* **Dataset records**:
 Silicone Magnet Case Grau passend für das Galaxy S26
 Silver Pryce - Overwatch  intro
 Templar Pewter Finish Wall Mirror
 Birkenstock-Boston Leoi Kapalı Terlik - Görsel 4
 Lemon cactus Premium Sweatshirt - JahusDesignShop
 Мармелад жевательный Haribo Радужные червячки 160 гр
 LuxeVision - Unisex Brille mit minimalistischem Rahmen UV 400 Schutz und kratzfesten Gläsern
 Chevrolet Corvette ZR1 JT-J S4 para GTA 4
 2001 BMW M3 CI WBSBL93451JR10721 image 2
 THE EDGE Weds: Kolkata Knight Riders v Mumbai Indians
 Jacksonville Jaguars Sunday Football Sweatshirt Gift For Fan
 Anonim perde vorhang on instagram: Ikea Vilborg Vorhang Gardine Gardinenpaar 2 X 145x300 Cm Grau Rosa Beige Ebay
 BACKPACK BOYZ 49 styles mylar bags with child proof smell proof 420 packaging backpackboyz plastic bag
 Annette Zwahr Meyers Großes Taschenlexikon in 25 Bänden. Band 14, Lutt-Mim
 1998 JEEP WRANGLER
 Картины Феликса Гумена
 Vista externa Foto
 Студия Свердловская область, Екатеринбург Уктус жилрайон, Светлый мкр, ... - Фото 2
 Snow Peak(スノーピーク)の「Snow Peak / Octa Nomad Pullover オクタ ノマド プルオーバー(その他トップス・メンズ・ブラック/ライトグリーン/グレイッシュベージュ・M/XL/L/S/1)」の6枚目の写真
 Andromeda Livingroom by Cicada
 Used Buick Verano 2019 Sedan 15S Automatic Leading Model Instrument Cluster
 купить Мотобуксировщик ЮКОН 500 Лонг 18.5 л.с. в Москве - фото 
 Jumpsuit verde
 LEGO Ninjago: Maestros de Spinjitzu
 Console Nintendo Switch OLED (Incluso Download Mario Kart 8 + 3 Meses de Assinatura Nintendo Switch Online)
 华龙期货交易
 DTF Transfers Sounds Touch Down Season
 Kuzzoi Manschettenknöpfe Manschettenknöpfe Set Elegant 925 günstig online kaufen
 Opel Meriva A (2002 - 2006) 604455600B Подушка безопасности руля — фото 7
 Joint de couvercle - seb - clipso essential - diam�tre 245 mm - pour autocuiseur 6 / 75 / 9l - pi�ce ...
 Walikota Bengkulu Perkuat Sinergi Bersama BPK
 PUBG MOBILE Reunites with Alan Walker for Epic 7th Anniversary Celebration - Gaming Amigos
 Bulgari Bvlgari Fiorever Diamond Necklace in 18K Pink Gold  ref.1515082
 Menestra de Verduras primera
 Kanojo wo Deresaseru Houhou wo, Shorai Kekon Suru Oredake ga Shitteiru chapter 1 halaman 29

* **Your objective**:
When you reach the end of the records, set them all down again exactly.

* **Task solution**:
 Silicone Magnet Case Grau passend für das Galaxy S26
 Silver Pryce - Overwatch  intro
 Templar Pewter Finish Wall Mirror
 Birkenstock-Boston Leoi Kapalı Terlik - Görsel 4
 Lemon cactus Premium Sweatshirt - JahusDesignShop
 Мармелад жевательный Haribo Радужные червячки 160 гр
 LuxeVision - Unisex Brille mit minimalistischem Rahmen UV 400 Schutz und kratzfesten Gläsern
 Chevrolet Corvette ZR1 JT-J S4 para GTA 4
 2001 BMW M3 CI WBSBL93451JR10721 image 2
 THE EDGE Weds: Kolkata Knight Riders v Mumbai Indians
 Jacksonville Jaguars Sunday Football Sweatshirt Gift For Fan
 Anonim perde vorhang on instagram: Ikea Vilborg Vorhang Gardine Gardinenpaar 2 X 145x300 Cm Grau Rosa Beige Ebay
 BACKPACK BOYZ 49 styles mylar bags with child proof smell proof 420 packaging backpackboyz plastic bag
 Annette Zwahr Meyers Großes Taschenlexikon in 25 Bänden. Band 14, Lutt-Mim
 1998 JEEP WRANGLER
 Картины Феликса Гумена
 Vista externa Foto
 Студия Свердловская область, Екатеринбург Уктус жилрайон, Светлый мкр, ... - Фото 2
 Snow Peak(スノーピーク)の「Snow Peak / Octa Nomad Pullover オクタ ノマド プルオーバー(その他トップス・メンズ・ブラック/ライトグリーン/グレイッシュベージュ・M/XL/L/S/1)」の6枚目の写真
 Andromeda Livingroom by Cicada
 Used Buick Verano 2019 Sedan 15S Automatic Leading Model Instrument Cluster
 купить Мотобуксировщик ЮКОН 500 Лонг 18.5 л.с. в Москве - фото 
 Jumpsuit verde
 LEGO Ninjago: Maestros de Spinjitzu
 Console Nintendo Switch OLED (Incluso Download Mario Kart 8 + 3 Meses de Assinatura Nintendo Switch Online)
 华龙期货交易
 DTF Transfers Sounds Touch Down Season
 Kuzzoi Manschettenknöpfe Manschettenknöpfe Set Elegant 925 günstig online kaufen
 Opel Meriva A (2002 - 2006) 604455600B Подушка безопасности руля — фото 7
 Joint de couvercle - seb - clipso essential - diam�tre 245 mm - pour autocuiseur 6 / 75 / 9l - pi�ce ...
 Walikota Bengkulu Perkuat Sinergi Bersama BPK
 PUBG MOBILE Reunites with Alan Walker for Epic 7th Anniversary Celebration - Gaming Amigos
 Bulgari Bvlgari Fiorever Diamond Necklace in 18K Pink Gold  ref.1515082
 Menestra de Verduras primera
 Kanojo wo Deresaseru Houhou wo, Shorai Kekon Suru Oredake ga Shitteiru chapter 1 halaman 29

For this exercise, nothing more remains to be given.